Sore itu aku merayakan ekaristi secara daring. Biasanya perhatianku akan teralih kesana kemari, apalagi saat homili (maka jangan pernah tanya apa homili Romo di misa barusan, karena tentu aku hampir tidak tau jawabannya!) Tapi hari ini agak berbeda. Perayaan ekaristi dirayakan dengan cukup meriah karena 11 orang pastor merayakan ulang tahun tahbisan mereka yang ke-5. Tentu karena bukan perayaan biasa, durasi ekaristi khususnya homili tidak sesingkat biasanya. Tapi toh kudengarkan juga tanpa teralih pada hal-hal lain, pun juga terpaksa: soal kehidupan mereka pasca ditahbiskan menjadi pastor, mereka 'hanya' bisa patuh dan tunduk pada keputusan yang di atas, lalu melaksanakannya dengan sebaik-baiknya. Sendika dhawuh istilahnya dalam Bahasa Jawa. Meski realitanya juga seringkali menjadi sendika waduh, namun toh mereka masih bisa tetap bertahan dan merasa disertai hingga saat ini.

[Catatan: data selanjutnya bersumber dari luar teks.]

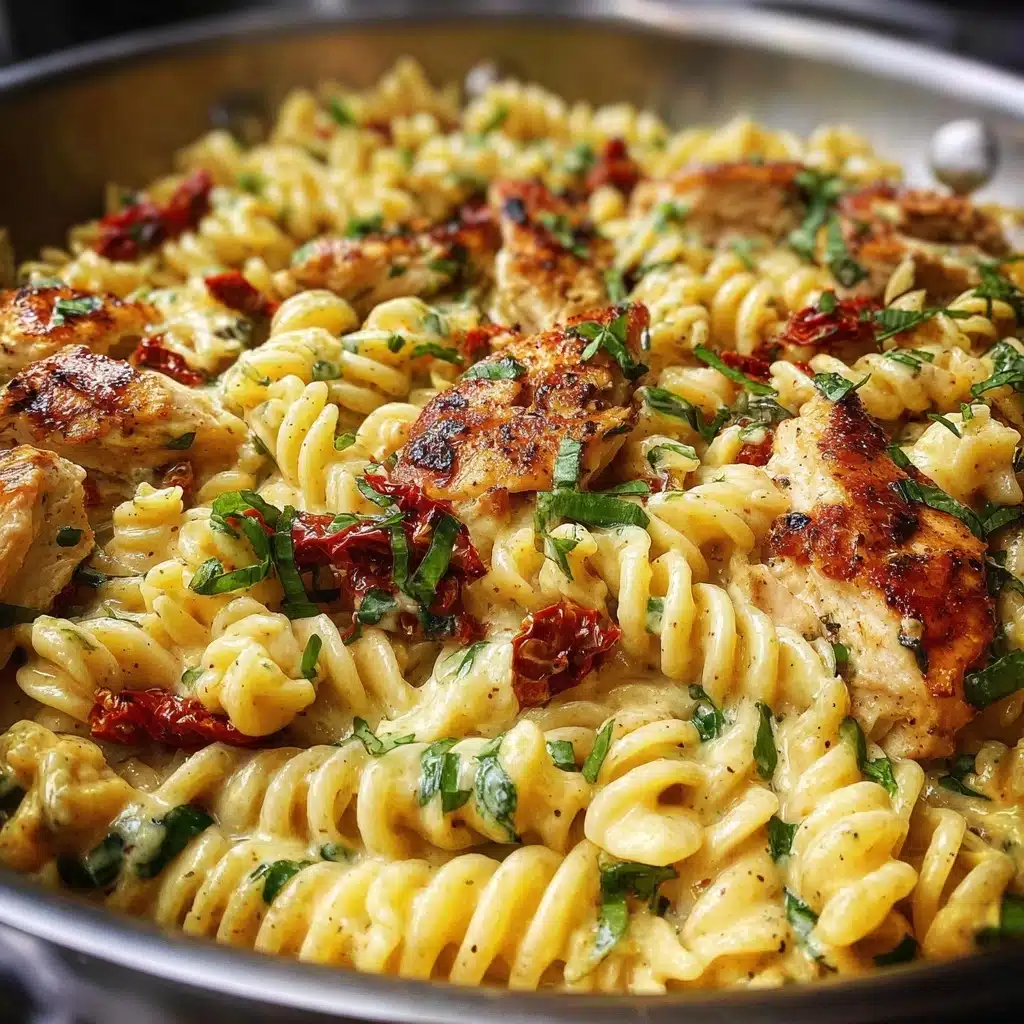 One-Pot Creamy Sun Dried Tomato Chicken Pasta Recipe - Recipe Image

                                                                     ---

Sebuah unggahan di media sosial menampilkan tulisan dengan latar lagu keluaran terbaru. Sebuah pertanyaan singkat: Apa jadinya kalau kita nggak jadi apa-apa nanti? Dan jawabannya: Kita akan selalu bisa jadi apa-apa dan pasti akan jadi apa-apa, bahkan dalam keseharian yang terlihat biasa saja atau bahkan membosankan. Sangat sederhana. Unggahan lain dari akun berbeda membahas hal serupa: semua orang punya perannya masing-masing, tidak perlu ingin menjadi seperti yang lain. Kamu dengan peranmu, jalankan saja sebaik-baiknya. Itu saja cukup.

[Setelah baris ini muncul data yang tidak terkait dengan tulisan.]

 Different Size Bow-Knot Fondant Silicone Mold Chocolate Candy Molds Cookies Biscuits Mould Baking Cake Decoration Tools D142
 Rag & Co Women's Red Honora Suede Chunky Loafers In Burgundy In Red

                                                                     ---

Hari ini kami makan siang bersama satu divisi. Sederhana saja, di pantry divisi (ya, tapi sebelumnya kami memesan makanan cepat saji dan jajanan dari luar 😏). Kami memesan beberapa varian makanan berbeda, dan atas arahan atasan kami diminta memotong seluruhnya menjadi bagian-bagian yang lebih kecil agar masing-masing bisa mencoba beberapa varian berbeda sekaligus. Maka aku menyediakan diri membuka kemasan dan mulai memotong mereka satu persatu sambil menawarkan dan mengangkat mereka ke piring kecil masing-masing anggota jamuan makan siang itu (yang tentu disambut dengan penuh semangat sembari menanyakan nama dari masing-masing varian yang mereka terima). Setelah semua piring terisi setidaknya satu atau dua varian (dan minta diisi lagi setelah mereka habis tersantap); salah seorang anggota jamuan bertanya: kamu sendiri udah ambil? Aku tersenyum lalu mencomot sepotong yang paling menarik buatku, yang lelehan kejunya meluber hingga keluar. 

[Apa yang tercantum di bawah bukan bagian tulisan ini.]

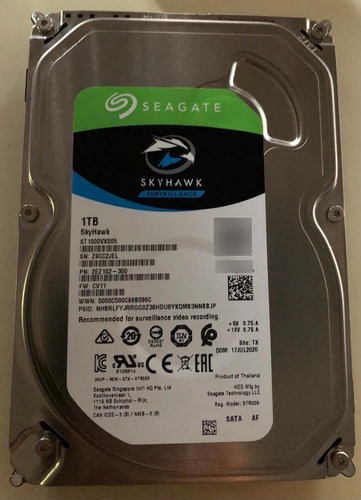 Disco Rigido 1tb Seagate 3.5 Skyhawk Color Gris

                                                                     ---

(Masih) dalam perjalanan pencarian jawaban, aku mencoba menghubungi 2 orang yang kupercaya sekedar untuk berbagi keresahan. Meski dengan cara dan diksi berbeda, aku paham bahwa apa yang mereka sampaikan senada: kamu nggak perlu tahu jawaban akan semua hal sekarang. Pelan-pelan aja, nggak apa-apa.

Maka menjadi masuk akal-lah buatku sebuah kalimat yang kutemui di sebuah konser musik (yang tiketnya masih kubeli dengan uang orangtua): kamu akan dipertemukan dengan apa-apa yang kamu cari.